‘If/Then’ a pleasure for fans of Idina Menzel and her powerhouse voice
Exiting the opening performance of “If/Then” at Paramount Theatre on Tuesday night, an adolescent girl was excitedly sharing with her companions her adoration of the musical’s star, Idina Menzel.
She listed her favorite Menzel roles — the original witch Elphaba in the Broadway smash “Wicked,” for which she won a Tony Award. The voice of Queen Elsa in the Disney fantasia “Frozen.” Lea Michele’s mother in TV’s “Glee.”
“If/Then” did not disappoint this besotted fan, and she won’t be alone among Menzel’s legion of (mostly female) admirers who’ve grown up singing along to her Grammy-winning soundtracks.
Book and lyrics by Brian Yorkey, music by Tom Kitt. Through Sunday, Nov. 8, Paramount Theatre, 900 Pine St., Seattle; tickets from $34 (877-784-4849 or stgpresents.org)
In this show, which premiered on Broadway in 2014 and ran a year, there’s a double dose of Menzel as two versions of the same woman, Elizabeth. And there are plenty of soaring ballads in Tom Kitt’s string-laced, pop-friendly score, tailored to her powerhouse voice.
Ironically, the main weakness in Brian Yorkey’s book for “If/Then” is its bifurcated central character.
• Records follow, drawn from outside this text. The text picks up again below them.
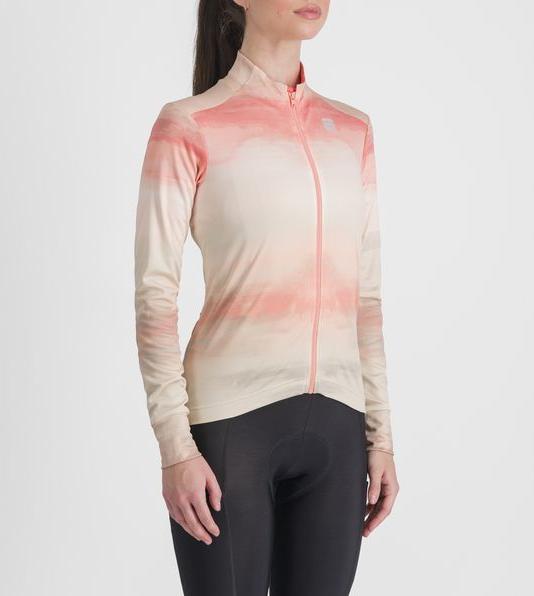 Immagine prodotto Sportful Maglia termica Flow Supergiara W (XS)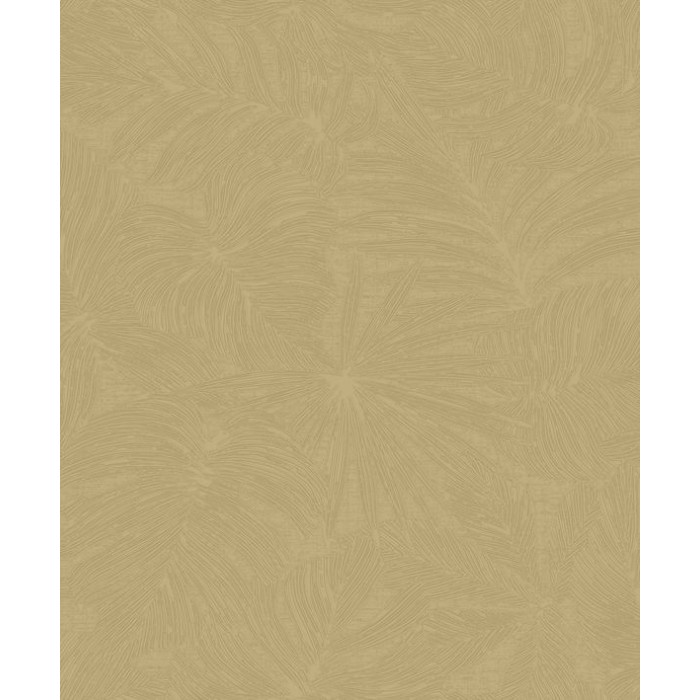 PAPEL PINTADO CASADECO VEGETALS GRANADA DORADO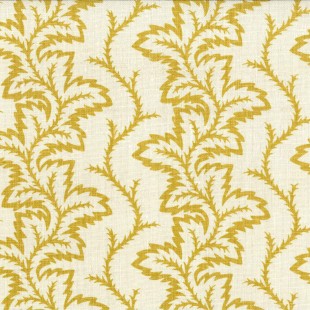 Haystack Yellow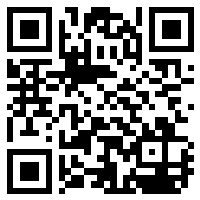 QR Code for 1GVz3ip3uQjLSCRjm2nL7mV8t2ZzP7PRnK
Unless you overlook a few things, and despite Menzel’s star presence and vocal prowess, Elizabeth is not compelling company. She’s self-absorbed, whiny, annoyingly insecure — “a neurotic mess,” despite everyone telling her how fabulous she is.
Though this gal is having an early midlife crisis, “If/Then” is far more like an urban fairy tale than real life. There’s some suffering and loss, yes, but also comforting/cloying cliches about love at first sight, trusting fate and being all you can be.
The show’s book by Yorkey (who grew up in Issaquah, and with Kitt also created the superior Tony-honored musical, “Next to Normal”), adopts a gambit similar to “Sliding Doors,” a 1998 film about a woman who would lead different lives if she catches, or misses, a particular train.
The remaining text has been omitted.